<h1 style="text-align: center;">DPDQ HW</h1>
<h2 style="text-align: center;">Name : Siddhesh Maheshwari</h2>
<h2 style="text-align: center;">MDS202347</h2>

# Data Quality Analysis on Adult Dataset
#### Using pydeequ

In [1]:
import warnings
warnings.filterwarnings("ignore")

In [2]:
!pip install -q pyspark==3.2.0
!pip install pydeequ



In [3]:
from pyspark.sql import SparkSession, Row
!pyspark --version
%env SPARK_VERSION=3.3

Welcome to
      ____              __
     / __/__  ___ _____/ /__
    _\ \/ _ \/ _ `/ __/  '_/
   /___/ .__/\_,_/_/ /_/\_\   version 3.2.0
      /_/
                        
Using Scala version 2.12.15, OpenJDK 64-Bit Server VM, 11.0.26
Branch HEAD
Compiled by user ubuntu on 2021-10-06T12:46:30Z
Revision 5d45a415f3a29898d92380380cfd82bfc7f579ea
Url https://github.com/apache/spark
Type --help for more information.
env: SPARK_VERSION=3.3


# Step 1 : Import libraries

In [51]:
import pydeequ
from pydeequ.profiles import *
import os
import kagglehub
import pandas as pd
import numpy as np
import json
from pyspark.sql import SparkSession
from pydeequ.profiles import ColumnProfilerRunner
from pydeequ.suggestions import ConstraintSuggestionRunner, DEFAULT
from pydeequ.checks import Check, CheckLevel
from pydeequ.verification import VerificationSuite, VerificationResult
from pydeequ.analyzers import AnalyzerContext
from pydeequ.analyzers import *
from pydeequ.suggestions import *

# Step 2 : Loading the dataset

In [5]:
# Download latest version from Kaggle
dataset_path = kagglehub.dataset_download("siddheshmaheshwari/adult")
print("Path to dataset files:", dataset_path)

# Load data (adjust file names based on what's available in the dataset)
train_file = os.path.join(dataset_path, "adult.data")
test_file = os.path.join(dataset_path, "adult.test")
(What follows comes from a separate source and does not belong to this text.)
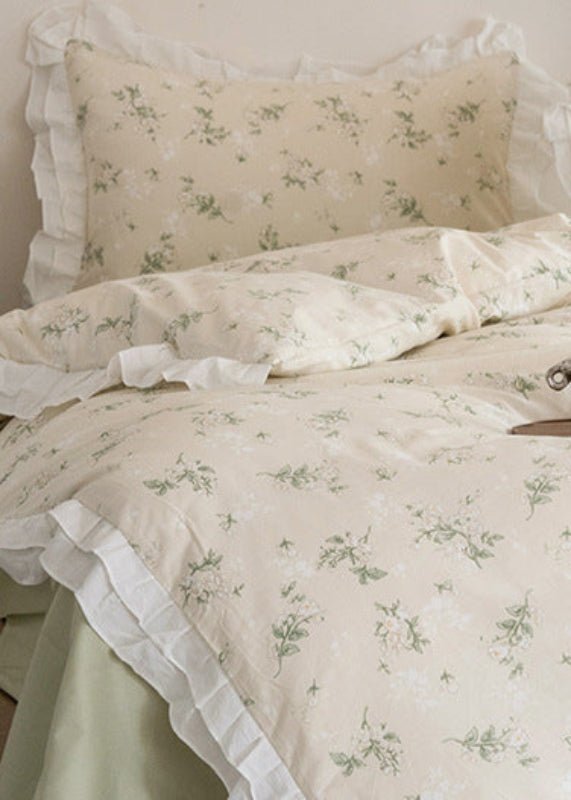 Annie Lace Ruffle Floral Bedding Set / Blue - Ever Lasting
Path to dataset files: /kaggle/input/adult


In [10]:
column_names = [
    'age', 'workclass', "fnlwgt",'education', 'education-num', 'marital-status',
    'occupation', 'relationship', 'race', 'sex', 'capital-gain',
    'capital-loss', 'hours-per-week', 'native-country', 'income'
]

adult_data = pd.read_csv(train_file, names=column_names)
adult_test = pd.read_csv(test_file, names=column_names)
adult_test.drop(index=0,inplace=True)

adult_data_full = pd.concat([adult_data, adult_test], axis=0)
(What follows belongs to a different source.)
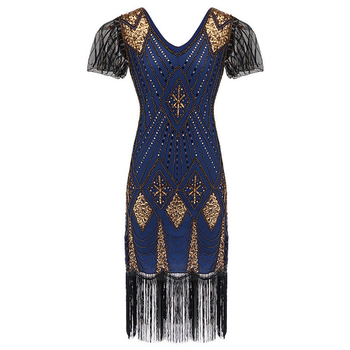 1920-ųjų metų retro šukos su siuvinėjimo ir spindesiais, kutai, gilus V formos iškirptė, 3/4 rankovės, midi ilgis, liemens siluetas, medvilnės mišinio audinys su poli(etilenu) ir vinilonų pluoštais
adult_data_full.index = adult_data_full.index.astype(str)

int_columns = ['age', 'fnlwgt', 'education-num', 'capital-gain', 'capital-loss', 'hours-per-week']
for col in int_columns:
    adult_data_full[col] = adult_data_full[col].astype(int)
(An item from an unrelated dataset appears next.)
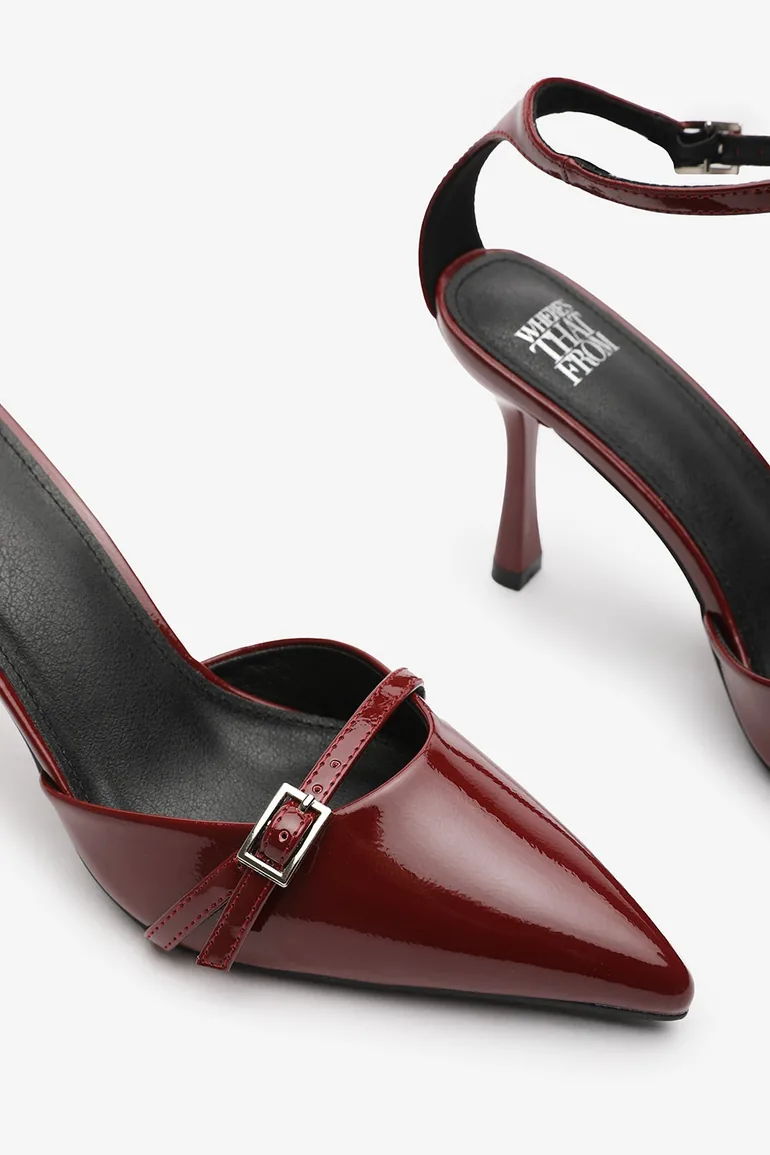 Jordan Strappy Pointed Toe High Heels in Deep Cherry Patent - 3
# Taking some use of Y data profile analysis
# 1. Normalize income labels (fix variations like '>50K.', '<=50K ', etc.)
adult_data_full['income'] = adult_data_full['income'].str.strip().replace({'>50K.': '>50K', '<=50K.': '<=50K'})

# 2. Replace '?' with NaN
adult_data_full.replace('?', np.nan, inplace=True)

# 3. Remove duplicate rows
adult_data_full = adult_data_full.drop_duplicates()

columns_to_convert = [
    'hours-per-week', 'capital-gain', 'education-num',
    'age', 'fnlwgt', 'capital-loss'
]

# Convert those columns
adult_data_full[columns_to_convert] = adult_data_full[columns_to_convert].astype(int)

In [11]:
# Save the DataFrame to a CSV file in Google Drive
from google.colab import drive
drive.mount('/content/drive')

csv_file_path = '/content/drive/MyDrive/adult_data_full.csv'
adult_data_full.to_csv(csv_file_path, index=False)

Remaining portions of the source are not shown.